Conway: The five hurricanes in the past year are a huge factor. We are seeing construction and labor prices rising by as much as 10 percent annually due to the rebuilding efforts. We have seen four of the most populated areas of the country severely impacted by Category 3 or 4 storms that resulted in record flooding in Texas and North Carolina. Everything from sheetrock and roof shingles are in short supply. And construction labor is in short supply from Texas to North Carolina and south through Florida.
Construction lenders need to be doing sensitivity analyses on commercial real estate construction loans to see if rents can increase enough over the next two years of that construction loan to offset 20 percent cost increases. If not, that 75 to 80 percent loan-to-cost construction loan will be a 90 to 100 percent loan-to-cost loan at completion. That coupled with higher interest rates over the next two years is a recipe for another bank commercial real estate loan crisis.
REBO: Many economists are predicting that this current expansion will be the longest in U.S. history. Is there anything in the October jobs report that you think helps support or refute those forecasts?

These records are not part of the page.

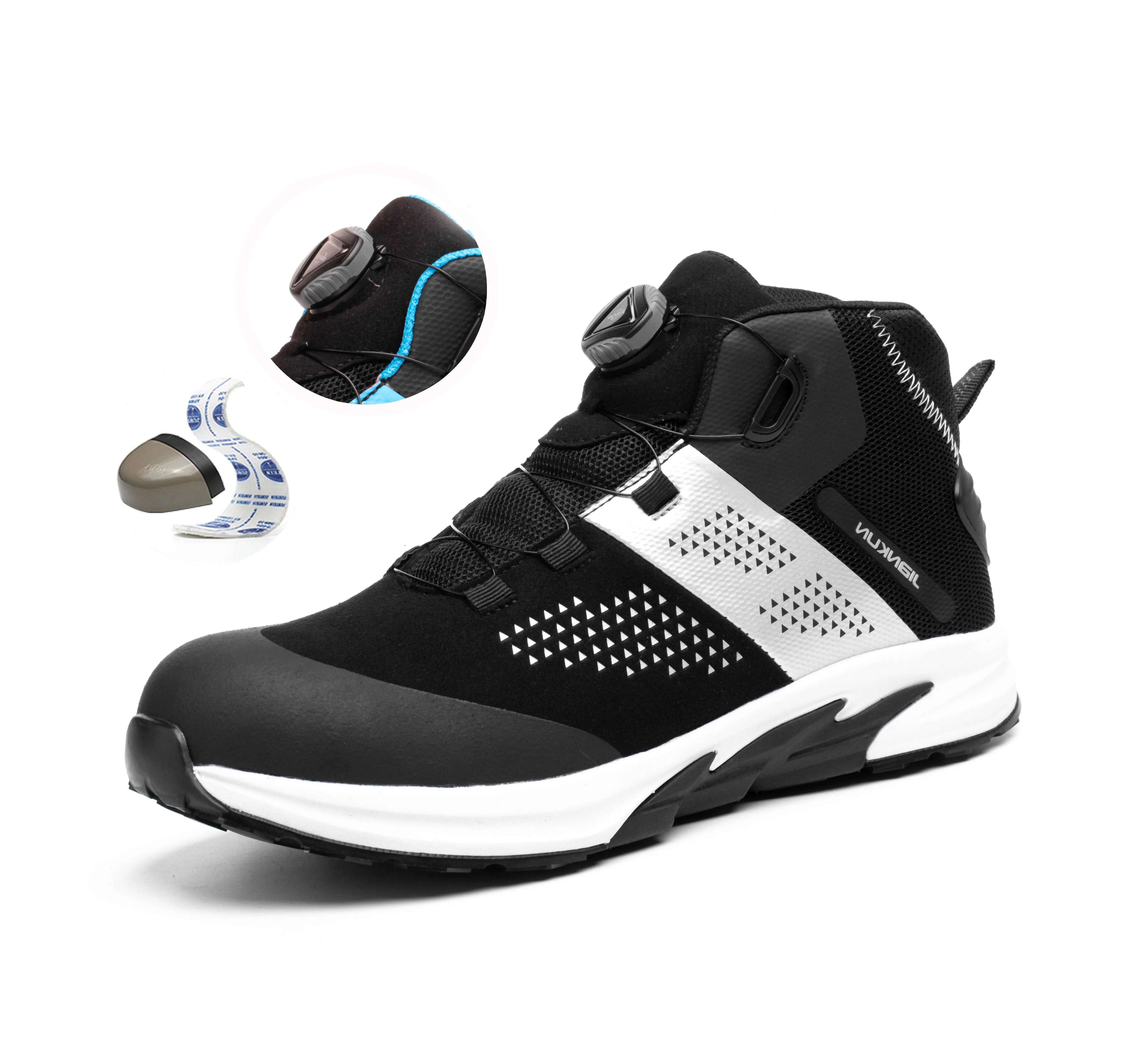 JIANKUN all black work shoes men   Boots Breathable Lightweight Steel Toe with Anti-Puncture CE Certified  for Spring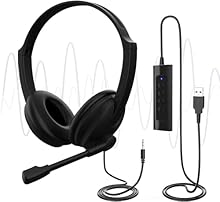🎶【Crystal-clear with Professional Driver】 The industry-leading built-in chip constantly optimizes call experience by noise reduction and vocal correction. Professional 40mm driver of Venker Computer headset, which other chat headsets don't have. Wide...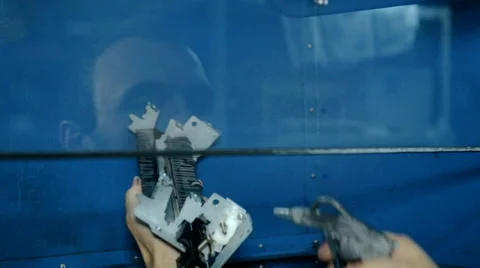 Close up shot Worker clean electronics with compressed air 動画素材 65511787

Severino: Extrapolating from one data point is difficult, but robust job growth this far into an expansion is heartening. However, robust job gains can relatively quickly turn into job losses just a few months later so we should not get complacent because of the recent run of good labor market data.
Conway: Since 1857, the U.S. has experienced a recession every decade. If we make it past first-quarter 2019, the U.S. will have defied history. I am in the camp we will defy history now that the November mid-term elections are past us, USMCA/NAFTA 2.0 is agreed to and the NFIB Business and Consumer Confidence remains at or near record levels. This momentum will carry us into the second half of 2019 or maybe early 2020.
However, every recession/commercial real estate disruption that has occurred since the 1950s has been caused by an item like inflation, regulation, currency/debt crisis, change in tax code and disruptive technology. All of those disruptive elements are elevated here at the end of 2018.
We are late in this recovery, the Fed is on an interest rate hike trek, currency crises are bubbling up in Europe and emerging markets again, and technology (like AI, blockchain and Amazon) are disrupting this economy. I don’t believe we have another 2007-type recession, but the risk for a normal cycle recession is more likely in 2020 than not.